Micro Center Class 10 SD cards

I was at Micro Center today and decided to pick up a couple SD cards to use for my Raspberry Pi (when and if I ever manage to get one).  They've always carried house brand/bulk USB flash drives and SD cards for pretty cheap.  I've bought a bunch of the them over the years and, while they work fine, they always seemed pretty slow.  I was thinking I would get a name-brand high speed SD card for the RPi but then I noticed they carry an "Extreme Speed" house model so I decided to check one out.

kevin@minteee ~ $ sudo hdparm -t /dev/sda
/dev/sda:
Timing buffered disk reads: 88 MB in 3.00 seconds = 29.31 MB/sec
kevin@minteee ~ $ sudo hdparm -t /dev/sdb
/dev/sdb:
Timing buffered disk reads: 46 MB in 3.11 seconds = 14.78 MB/sec

/dev/sda is the internal SSD on my EeePC 701 and /dev/sdb is the 8GB Micro Center card I bought.  It seems to be about half the speed of the SSD on reads which seems like it's pretty good.  I don't really have anything to compare it to at the moment though.

Raspberry Pi Lego Cases

Here are a few random links with information about Raspberry Pi cases.

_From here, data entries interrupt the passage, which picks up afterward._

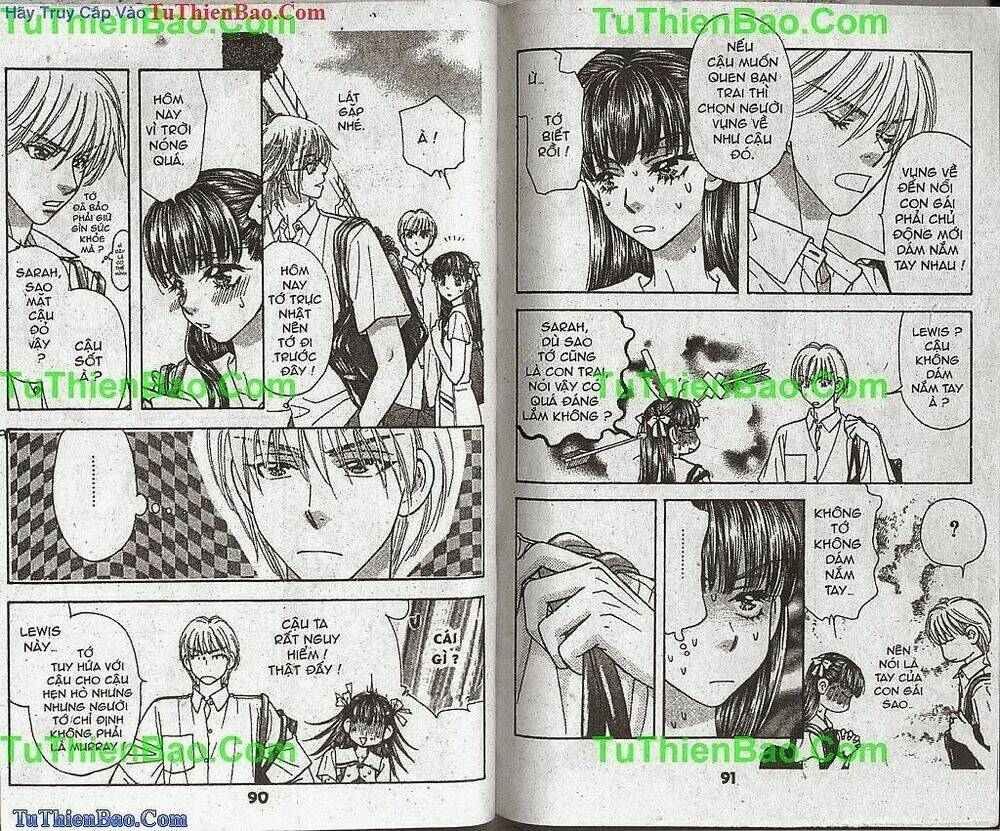 nàng men chàng bóng chapter 4 41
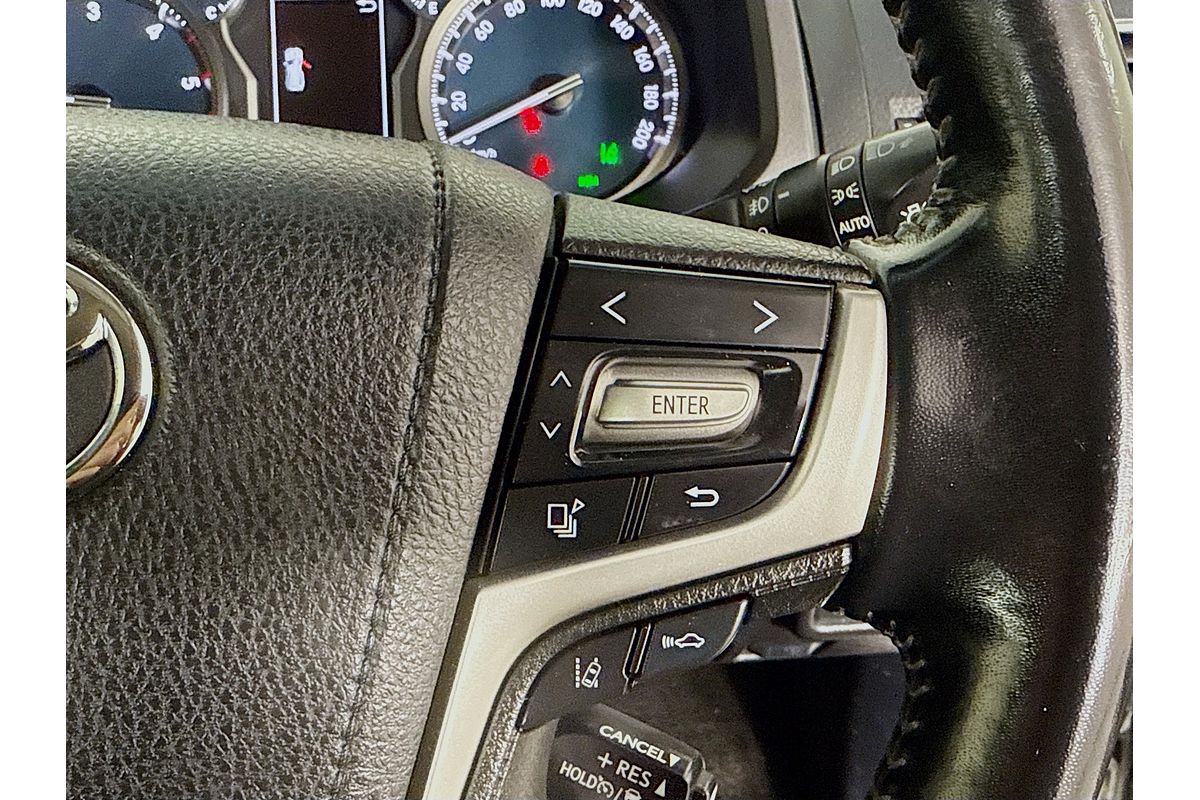2020 Toyota Landcruiser Prado VX GDJ150R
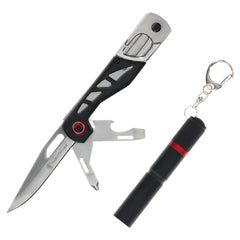 Smith & Wesson Multitool Folding Knife 3
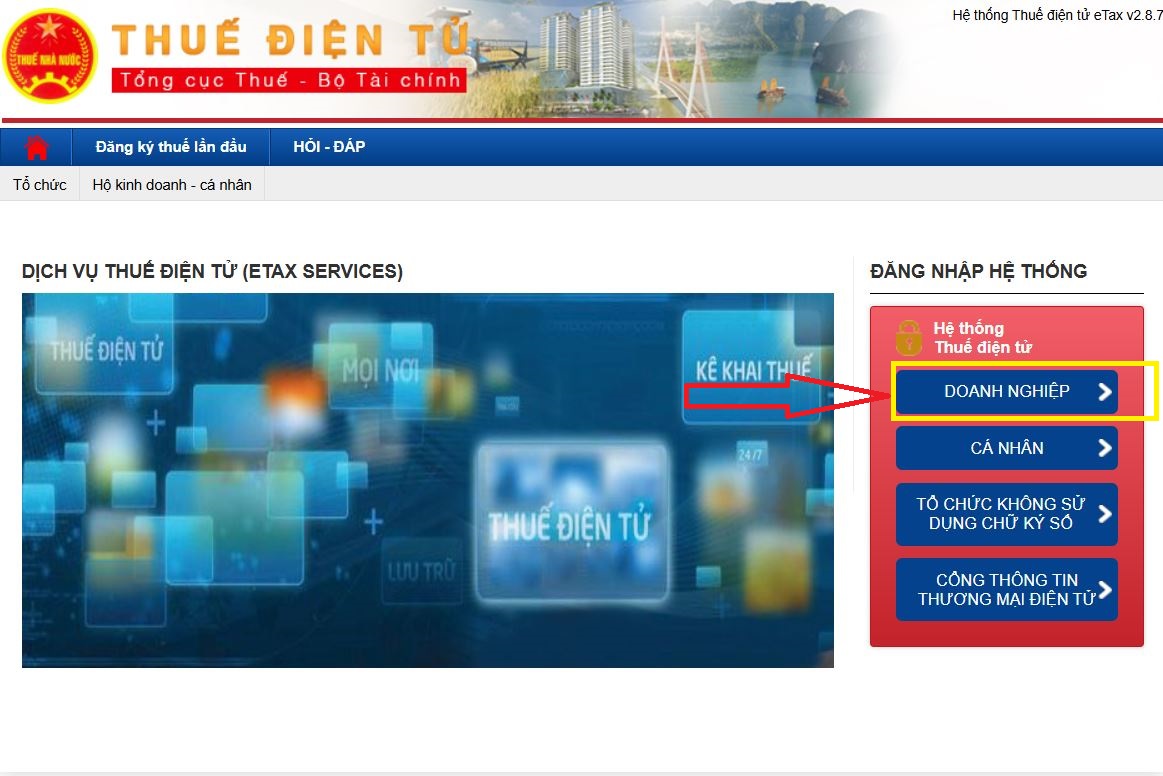 Hướng dẫn cài đặt phần mềm đọc tờ khai Thuế đọc tờ khai thuế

Using the lego case model above as a starting point, along with the measurements from the other links, I'm going to try to work up my own Lego case.

SSH Compression

I still haven't gotten around to testing Dropbear but I did find that SSH has built-in compression that can improve performance over slow links.  So using the command:

ssh -X -C user@host

Creates an X tunnel with compression which is much more usable for me.  It's still a bit slow but it is slow even on my LAN.  I'm still planning to see if Dropbear can squeeze a little more performance out of my old netbook.  Ultimately I don't think the Raspberry Pi will be much more powerful (if at all) than my netbook so every bit of performace optimization will help.

Dropbear SSH

I don't really know what, if anything I'm going to do with this blog.  Probably nothing.  But for now, I'm going to use it as a public place to dump things that are interesting to me. For example I've been looking forward to the upcoming release of the Raspberry Pi.  I dug out my old Eee PC 701 netbook to start working on a few of my ideas for these little things.  I'm not sure performance-wise how they compare but the netbook is really feeling slow these days.  I just tried running firefox on it from work via SSH X forwarding and it was pretty much unusable.  I'm sure my home uplink speed is part of the issue but it seems like 1.5Mps should be adequate.  It's faster from a local LAN connection but still not great. Which brings me to the inspiration for this post.  I just stumbled across Dropbear on the rpi forums.  It's supposed to be a less resource intensive than OpenSSH.  I'll give it a try on the eeepc and if there is a noticeable difference I'll be sure to use it on the rpi.